The Shell Contributory Pension Fund has diversified its growth asset portfolio and reduced its equity holdings in response to concerns about the level of risk.

Last year’s volatile markets and economic uncertainty led to high inflows into alternative assets as European investors sought to diversify away from equities, data from Financial Times service MandateWire showed in February.

We’re seeing a lot of schemes taking steps to reduce risk by reducing holdings or using derivatives

Tim Giles, Aon Hewitt

Speaking during a webcast for members of the SCPF, Clive Hopkins, chair of the scheme’s investment committee, said the main change in investment terms had been the reduction by 10 percentage points in equities.

“We had some unease for some months about the equity market, which seemed to defy gravity. And therefore, after advice and discussion, we took a view in the third quarter of 2015 to sell,” Hopkins said, when explaining the reason for the move.

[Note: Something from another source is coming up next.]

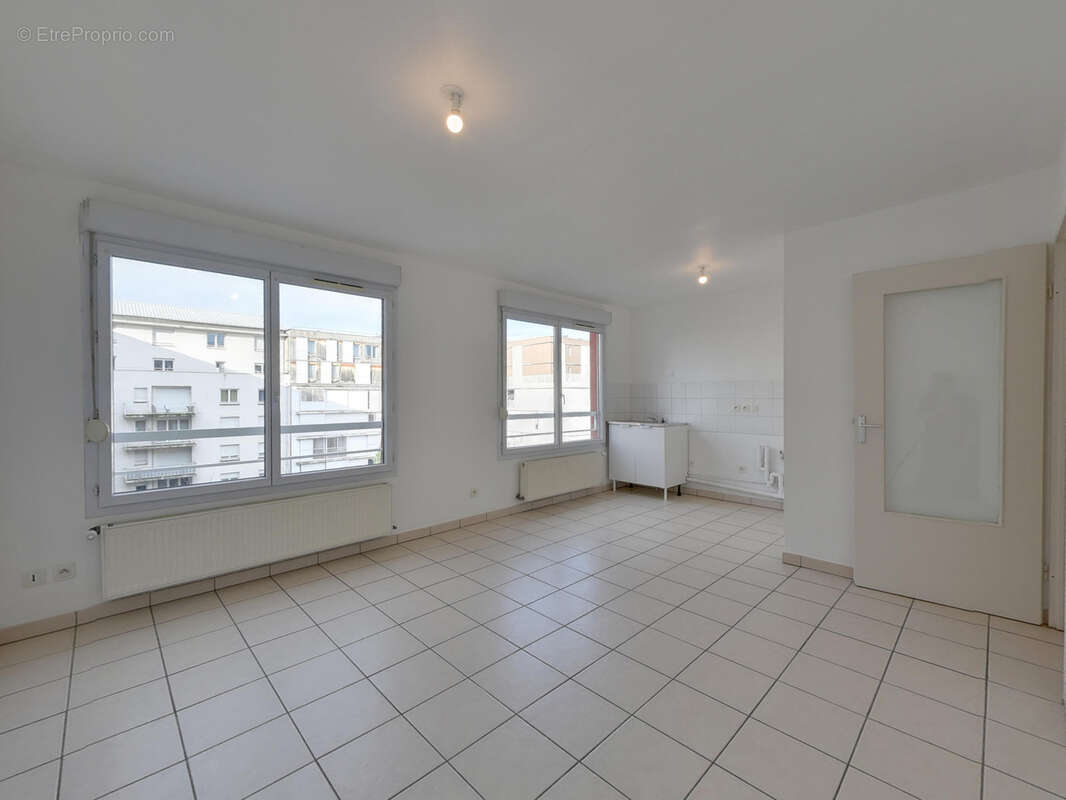 Studio de  31m2 au 4eme etage grenoble vigny musset - photo 7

He added: “We decided it would be wise to make a permanent reduction and within a few days of that decision, which was supported by the board, we sold all of the 10 per cent of equities in a very efficient way. We saved the fund, I think, about £112m by putting the hedge in place.”

He added that some of the money released through disposal of the equities was used to invest in private debt assets.

The scheme introduced a secured lending allocation of 6 per cent and a long-lease property allocation of 2 per cent.

“We will see the fund build up some investments in expert finance loans, in asset-backed securities, infrastructure loans and so on,” Hopkins said.

He added that the scheme would build on the private debt portfolio “slowly and carefully”.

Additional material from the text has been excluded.